Sam a un regard vide et les mains glaciales, JP tape dans ses mains devant son visage, elle le regarde avec une telle haine qu’il détourne rapidement son regard. Elle se lève, attrape le bord du bar pour se stabiliser, puis elle me demande de la conduire chez elle. JP s’esquive le visage misérable. Un flash explose dans mon visage. Dehors, il ya beaucoup trop de monde, l’air est saturé de conneries, je bouscule un peu les gens en allant vers ma voiture. J’ai perdu Sam entretemps puis à travers les corps ivres, je vois JP pleurer pendant qu’elle lui caresse les joues.

Je suis dans mon lit. Je prends un comprimé vert puis je glisse sur l’arc en ciel.

Monday, November 8, 2010

A cause de toi

Je suis rentrée à 19 heures, débouchée une bouteille de Frascatti. Il est aimable mon vin. Comme un baiser timidement déposé sur ma nuque. Dans mon frigo, 2 poissons. Je n’arrive pas à détourner mon regard de leurs yeux vides. J’ai appris à les toucher, à côtoyer leur peau froide, rugueuse. A leur trancher la tête. Les arracher. Je prends du plaisir à observer leur blanc immaculé se transformer en caramel. La première bouchée est d’une légèreté. Si proche d’un souffle contre mon oreille. Mon verre sue en silence. Je le remplis. Je ferme les yeux pour mieux ressentir cette caresse veloutée du palais.

J’ai 20 ans, il est 7 heures du matin, l’odeur de mon village est différente de celle de ma maison. Le thé a un gout de racines et de jubilation ambigüe. Je crois que la vie peut se dérouler légèrement, avec tendresse et galanterie. Le fromage est un fromage de chèvre, il fond dans l’huile d’olive, le soleil dessine sur la façade de la maison, j’imagine des ombres qui se suivent, les secrets qui sont nés au pied des arbres, même le sable rampe sous mes pieds et les oiseaux me font une tresse.

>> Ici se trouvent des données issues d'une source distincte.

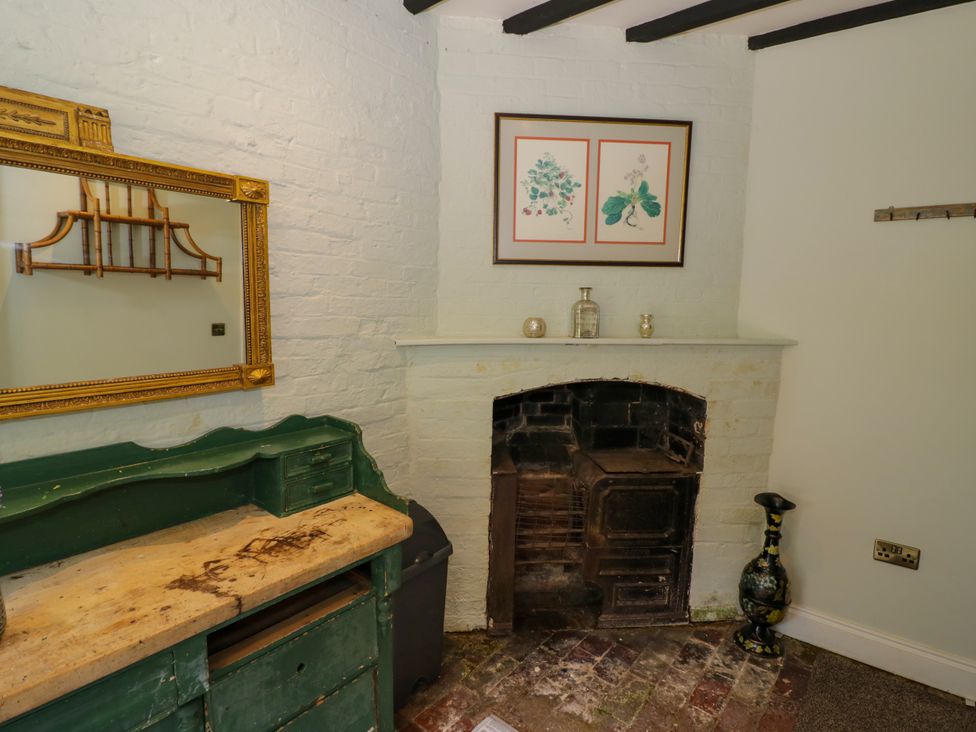 A room with a mirror and a fireplace at The Stable Flat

J’ouvre mes yeux. Je suis dans ma cuisine. Solide, éternelle célibataire, professionnelle, distante. Il n’y a qu’à fermer les yeux de nouveau, ouvrir les narines, écouter les émotions sur sa langue et on y est. Minieh. Le matin jaunâtre, le temps au ralenti, l’accent du Nord, mes cousins étrangers, la poussière et la rosée sur les assiettes, la cloche de l’église et la voix de ma grand-mère.